# GIVEN RECORDS
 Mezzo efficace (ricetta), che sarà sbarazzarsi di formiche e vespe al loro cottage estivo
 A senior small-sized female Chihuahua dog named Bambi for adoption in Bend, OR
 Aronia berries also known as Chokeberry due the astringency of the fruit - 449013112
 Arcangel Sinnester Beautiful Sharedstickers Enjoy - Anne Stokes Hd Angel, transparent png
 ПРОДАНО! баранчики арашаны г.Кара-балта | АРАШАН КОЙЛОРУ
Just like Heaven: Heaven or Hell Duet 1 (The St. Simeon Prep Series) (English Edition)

---

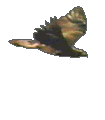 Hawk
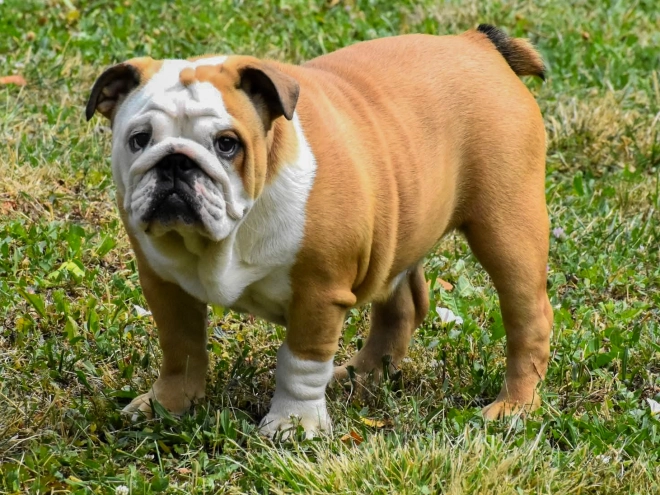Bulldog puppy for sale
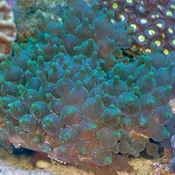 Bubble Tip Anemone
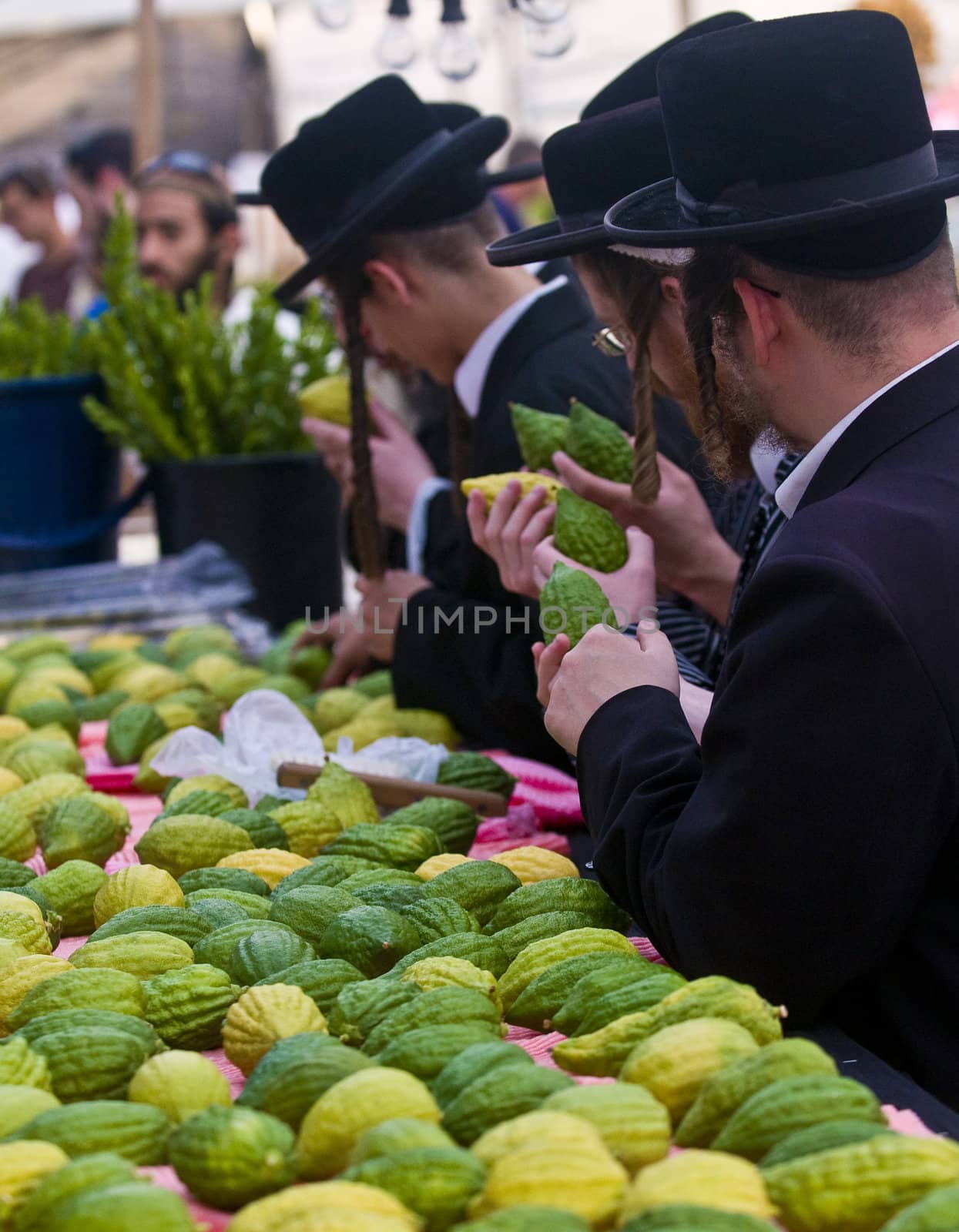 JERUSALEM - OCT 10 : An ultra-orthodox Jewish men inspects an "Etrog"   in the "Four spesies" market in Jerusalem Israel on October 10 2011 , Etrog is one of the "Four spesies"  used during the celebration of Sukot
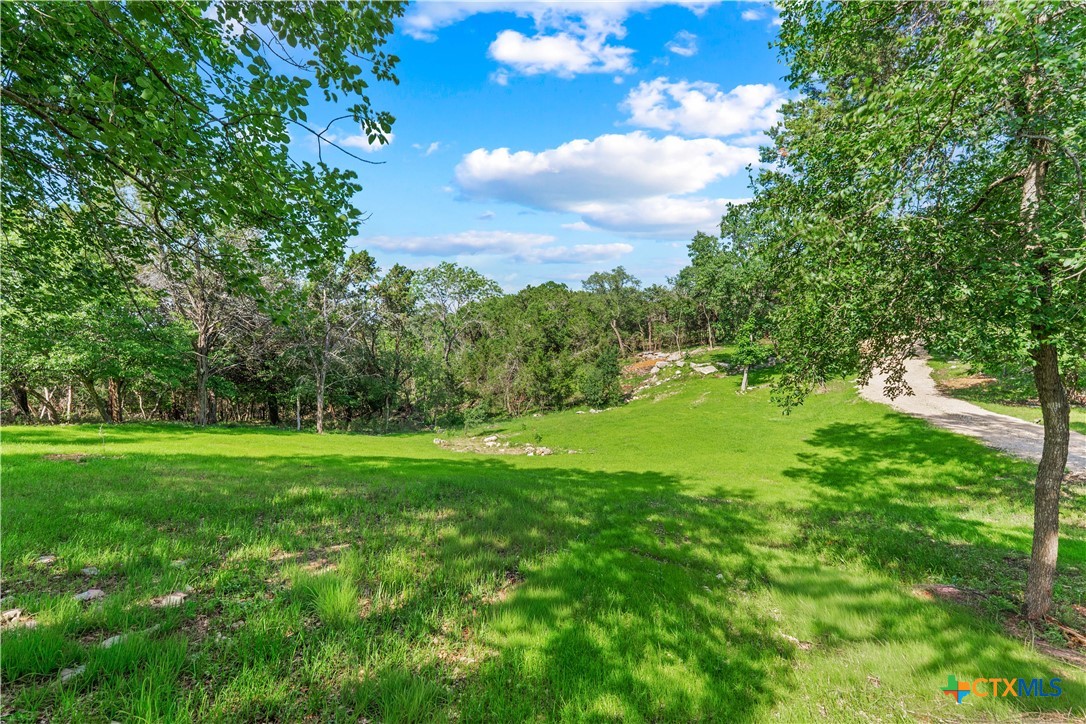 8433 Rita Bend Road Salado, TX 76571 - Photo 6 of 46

---

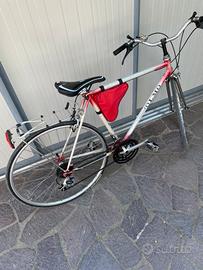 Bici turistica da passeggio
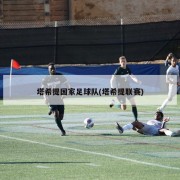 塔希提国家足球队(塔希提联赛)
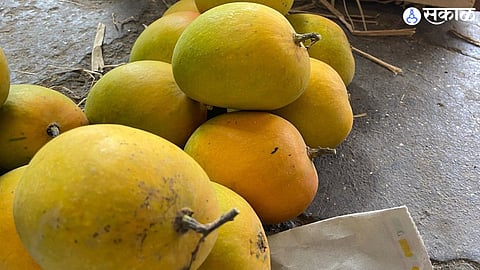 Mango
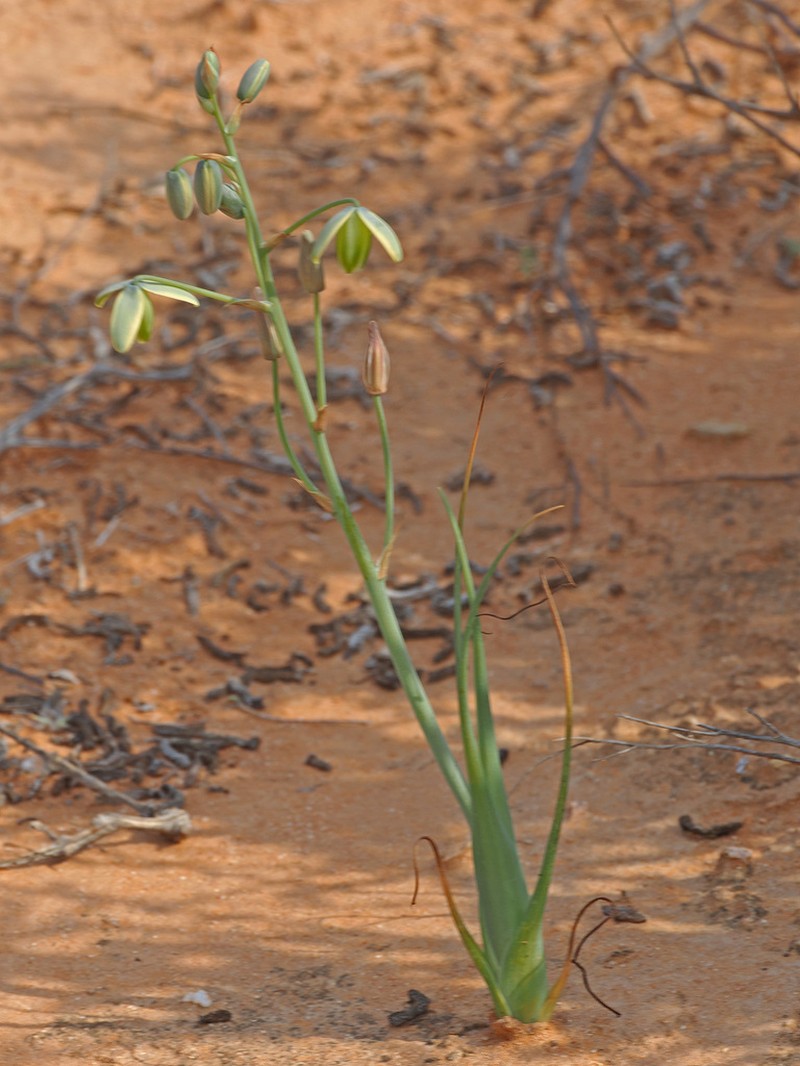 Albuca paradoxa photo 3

# ASSIGNMENT
Within the data above, the lines from the one with "Mezzo efficace (ricetta), che" to the one with "ПРОДАНО! баранчики арашаны" must be repeated exactly; no other line belongs in the answer.

# FINISHED TASK
 Mezzo efficace (ricetta), che sarà sbarazzarsi di formiche e vespe al loro cottage estivo
 A senior small-sized female Chihuahua dog named Bambi for adoption in Bend, OR
 Aronia berries also known as Chokeberry due the astringency of the fruit - 449013112
 Arcangel Sinnester Beautiful Sharedstickers Enjoy - Anne Stokes Hd Angel, transparent png
 ПРОДАНО! баранчики арашаны г.Кара-балта | АРАШАН КОЙЛОРУ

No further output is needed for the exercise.